A growing share of Americans are religiously unaffiliated. We recently asked a representative sample of more than 1,300 of these “nones” whythey choose not to identify with a religion. Out of several options included in the survey, the most common reason they give is that they question a lot of religious teachings.
Six-in-ten religiously unaffiliated Americans – adults who describe their religious identity as atheist, agnostic or “nothing in particular” – say the questioning of religious teachings is a very important reason for their lack of affiliation. The second-most-common reason is opposition to the positions taken by churches on social and political issues, cited by 49% of respondents (the survey asked about each of the six options separately). Smaller, but still substantial, shares say they dislike religious organizations (41%), don’t believe in God (37%), consider religion irrelevant to them (36%) or dislike religious leaders (34%).

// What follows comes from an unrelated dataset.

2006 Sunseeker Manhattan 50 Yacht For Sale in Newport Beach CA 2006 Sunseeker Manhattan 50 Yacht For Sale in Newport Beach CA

Those who identify as atheist, agnostic or “nothing in particular” tend to give different reasons for their lack of affiliation, showing that “nones” are far from a monolithic group. For example, about nine-in-ten self-described atheists (89%) say their lack of belief in God is a very important reason for their religious identity, compared with 37% of agnostics and 21% of those in the “nothing in particular” category. Atheists also are more likely than other “nones” to say religion is simply “irrelevant” to them (63% of atheists vs. 40% of agnostics and 26% of adults with no particular religion).

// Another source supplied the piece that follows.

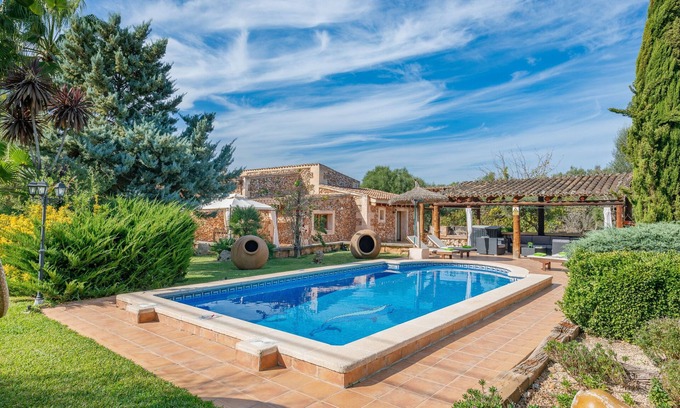 Sencelles Villa | CAS MOSTATXET (SENCELLES) - Beautiful finca with private pool surrounded by a beautiful ga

We also asked religious “nones” which of the six potential statements is the single most important reason they are unaffiliated. Again, questioning religious teachings is among the top responses, with a quarter of all “nones” saying it is the most important reason. A similar share (22%) cite lack of belief in God, and 16% say the most important reason is that they dislike the positions churches take on social and political issues.
There are major differences among the three unaffiliated subgroups on this question as well. Three-quarters of atheists say the most important reason they are atheist is that they don’t believe in God. Far fewer agnostics (17%) and people in the “nothing in particular” group (8%) say this.
Among self-described agnostics, the most important reason cited for being agnostic is the questioning of a lot of religious teachings (38%).
People who identify as “nothing in particular” give a variety of responses when asked about their most important reason for not affiliating with a religion – and no single reason predominates. A quarter say the most important reason is that they question a lot of religious teachings, 21% say they dislike the positions churches take on social and political issues, and 28% say none of the reasons offered are very important.
In previous research, the Center asked religiously unaffiliated Americans who were raised in a religion (who make up a majority of all religious “nones”) to explain in their own words why they no longer identify with any religious group. This question also elicited a wide variety of responses from the “nothing in particular” group. Some said they do not believe in religious teachings or dislike organized religion, while others said they are religious (though unaffiliated) or that they believe in God but do not practice any religion.